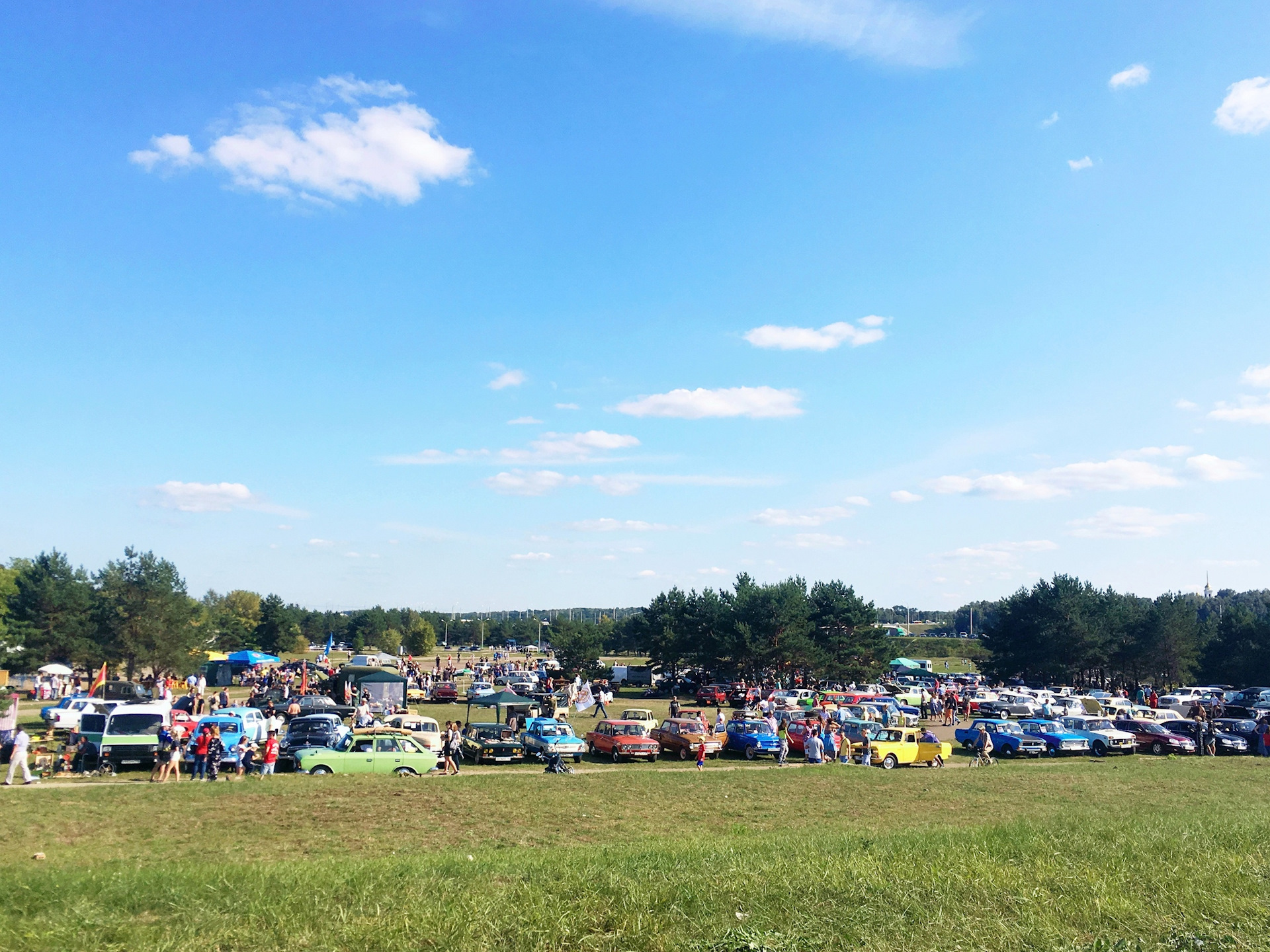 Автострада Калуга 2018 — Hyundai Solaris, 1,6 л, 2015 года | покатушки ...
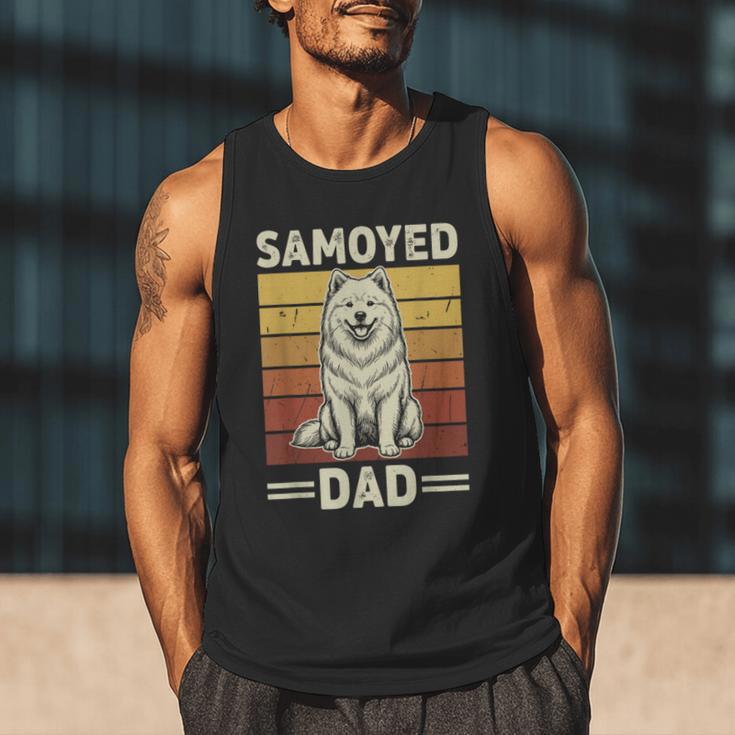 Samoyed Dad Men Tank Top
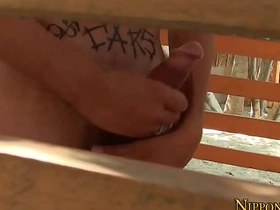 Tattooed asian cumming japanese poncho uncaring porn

---+---

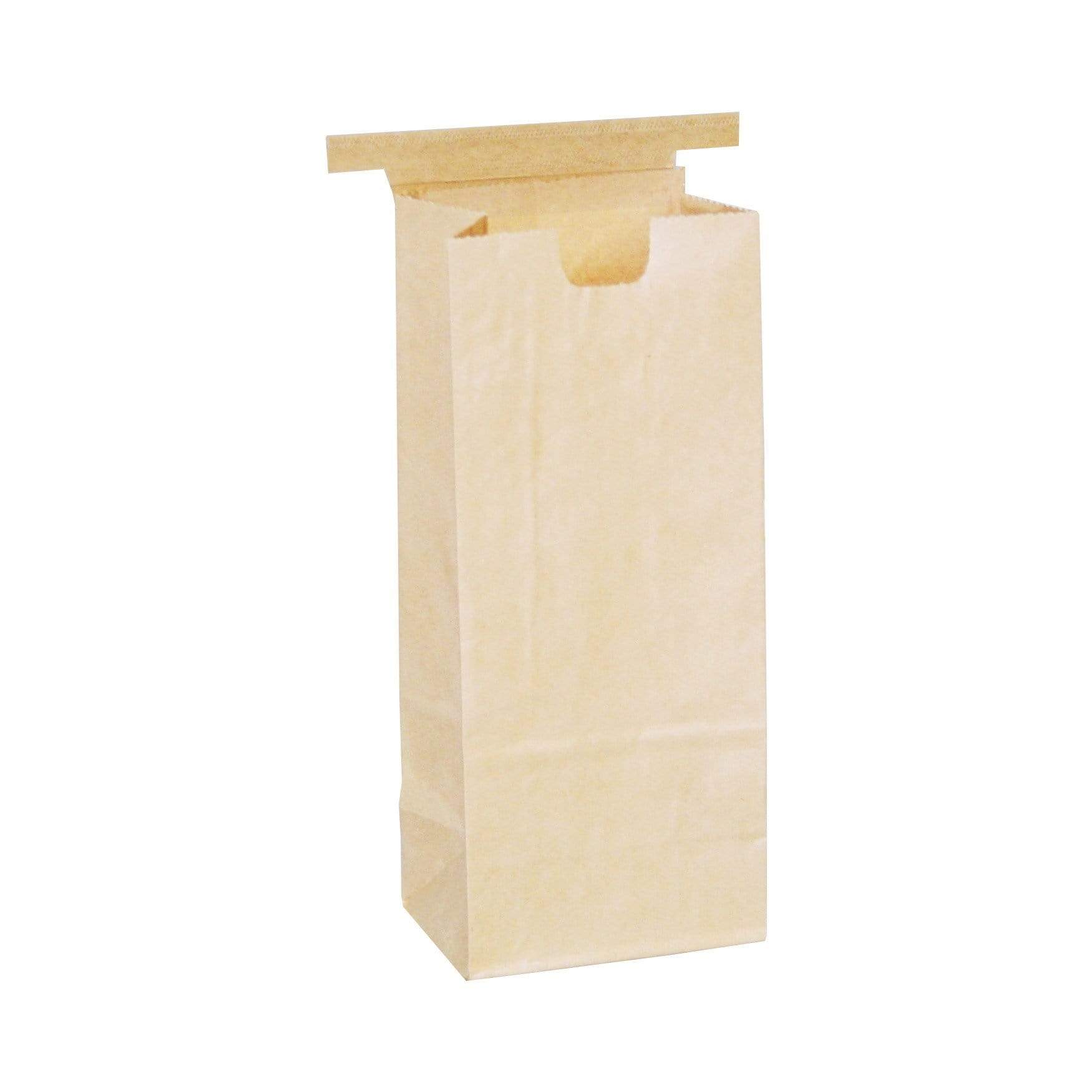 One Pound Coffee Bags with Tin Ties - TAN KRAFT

---+---

- To do: In the material above, the stretch from the line with "Samoyed Dad Men Tank Top" through the line with "Tattooed asian cumming" is to be given again exactly, minus the pictures.

- Answer space:
 Samoyed Dad Men Tank Top
 Tattooed asian cumming japanese poncho uncaring porn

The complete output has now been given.